Vestergaard Peter
The Osteoporosis Clinic Aarhus Amtssygehus, Aarhus University Hospital, Aarhus, Denmark.
Treat Endocrinol. 2005;4(5):263-77. doi: 10.2165/00024677-200504050-00001.
Osteoporosis is a condition associated with decreased bone strength and an increased fracture risk. It may be defined based on bone mineral density (BMD) with a T-score at the hip or spine of less than -2.5 standard deviations in young healthy individuals or from an osteoporotic fracture (i.e. a fracture occurring after low-energy trauma or no apparent trauma). Risk factors predisposing to fractures include: increasing age; female gender; low BMD; a prior fragility fracture; a family history of fragility fractures; low bodyweight; lack of estrogen in women (i.e. post menopause); corticosteroid use; smoking; a number of diseases; deficiency in calcium and vitamin D; an increased risk of falls (i.e. impaired vision); immobilization; and Caucasian race. The more risk factors that are present the higher the risk of fractures over the following 10 years. The need to initiate preventive therapy with anti-osteoporotic treatment increases steeply with the absolute fracture risk. Indications for referral for dual energy x-ray absorptiometry measurement of BMD include: age >65 years; age <65 years in postmenopausal women with any of the risk factors already mentioned; premature menopause (<45 years); prolonged amenorrhea (>1 year) in younger women; fragility fractures; and diseases or conditions known to lead to osteoporosis.Anti-resorptive therapies include calcium plus vitamin D, bisphosphonates (alendronate, etidronate, risedronate, ibandronate), selective estrogen receptor modulators (raloxifene), hormone replacement therapy, and calcitonin. Guidelines from several countries on when to initiate anti-resorptive therapy state that therapy may be started in patients with a prior fragility fracture (some guidelines state that in this situation no BMD measurements are necessary) or in patients with a T-score of less than -2.5 (some guidelines state that additional risk factors need to be present in this situation). Some guidelines state that anti-resorptive therapy may be initiated in patients with a T-score in the osteopenic range (from -1 to -2.5, i.e. not frank osteoporosis) in the presence of other risk factors. The cost effectiveness of anti-resorptive therapy increases with the absolute fracture risk. In some scenarios, treatment with bisphosphonates may be cost effective in a 50-year-old woman with an absolute hip fracture risk of >or=1.1% over the next 10 years.
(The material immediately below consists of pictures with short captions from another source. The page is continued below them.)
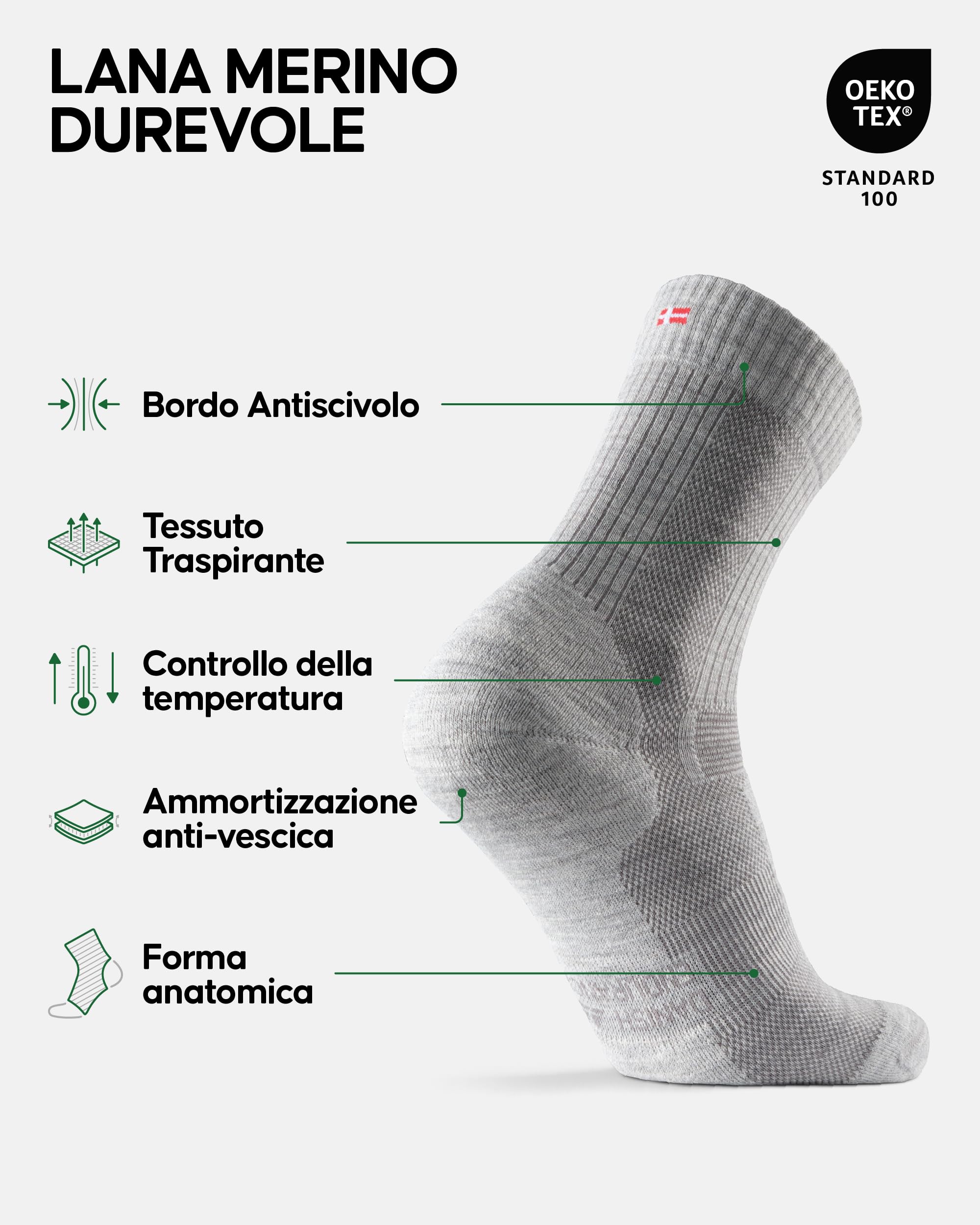 DANISH ENDURANCE Calze Trekking Lana Merino, Calze Termiche Anti-Vesciche, Traspiranti, Calzini Invernali Escursionismo Unisex, 1 o 5 Paia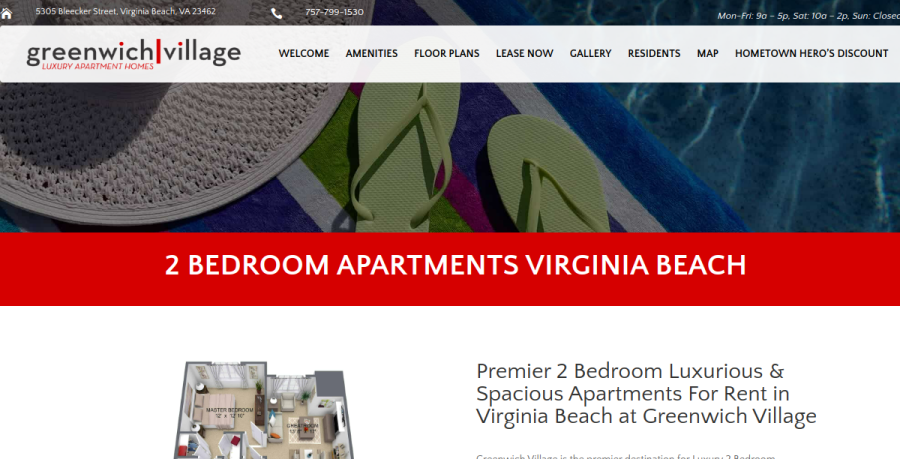 Screenshot of Greenwich Village Apartments website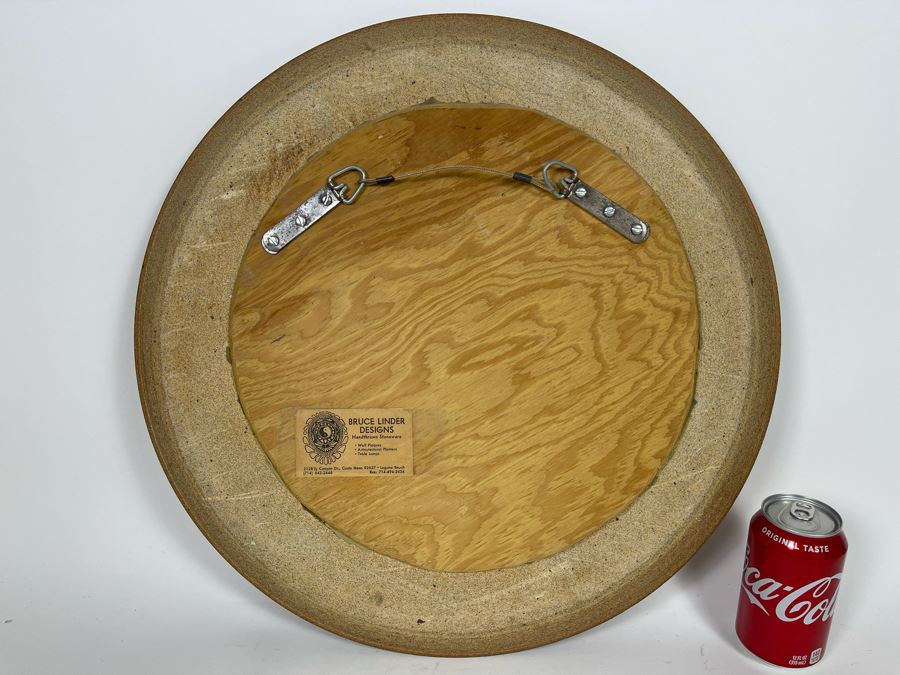 JUST ADDED - Large Bruce Linder Designs Handthrown Stoneware Wall Plaque Featuring Torrey Pines Trees 19.5R From 1982 Sawdust Festival [Photo 6]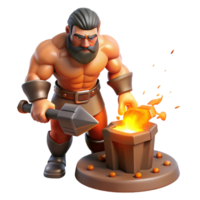 serene minimalist A Powerful Cyclops Forging a Thunderbolt high resolution png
骨质疏松症是一种与骨强度降低和骨折风险增加相关的病症。它可以根据骨矿物质密度(BMD)来定义,在年轻健康个体中,髋部或脊柱的T值小于 -2.5个标准差,或者根据骨质疏松性骨折(即低能量创伤后或无明显创伤后发生的骨折)来定义。导致骨折的危险因素包括:年龄增长;女性性别;低骨密度;既往脆性骨折;脆性骨折家族史;低体重;女性体内雌激素缺乏(即绝经后);使用皮质类固醇;吸烟;多种疾病;钙和维生素D缺乏;跌倒风险增加(即视力受损);固定不动;以及白种人。存在的危险因素越多,未来10年内发生骨折的风险就越高。随着绝对骨折风险的增加,启动抗骨质疏松治疗进行预防的必要性也急剧增加。推荐进行双能X线吸收法测量骨密度的指征包括:年龄>65岁;有上述任何危险因素的绝经后女性年龄<65岁;过早绝经(<45岁);年轻女性长期闭经(>1年);脆性骨折;以及已知会导致骨质疏松症的疾病或状况。抗吸收治疗包括钙加维生素D、双膦酸盐(阿仑膦酸钠、依替膦酸二钠、利塞膦酸钠、伊班膦酸钠)、选择性雌激素受体调节剂(雷洛昔芬)、激素替代疗法和降钙素。几个国家关于何时开始抗吸收治疗的指南指出,对于既往有脆性骨折的患者(一些指南指出在这种情况下无需进行骨密度测量)或T值小于 -2.5的患者(一些指南指出在这种情况下还需要存在其他危险因素)可以开始治疗。一些指南指出,在存在其他危险因素的情况下,对于骨量减少范围(-1至 -2.5,即非明显骨质疏松症)T值的患者可以启动抗吸收治疗。抗吸收治疗的成本效益随着绝对骨折风险的增加而提高。在某些情况下,对于一名50岁女性,未来10年内绝对髋部骨折风险≥1.1%,使用双膦酸盐治疗可能具有成本效益。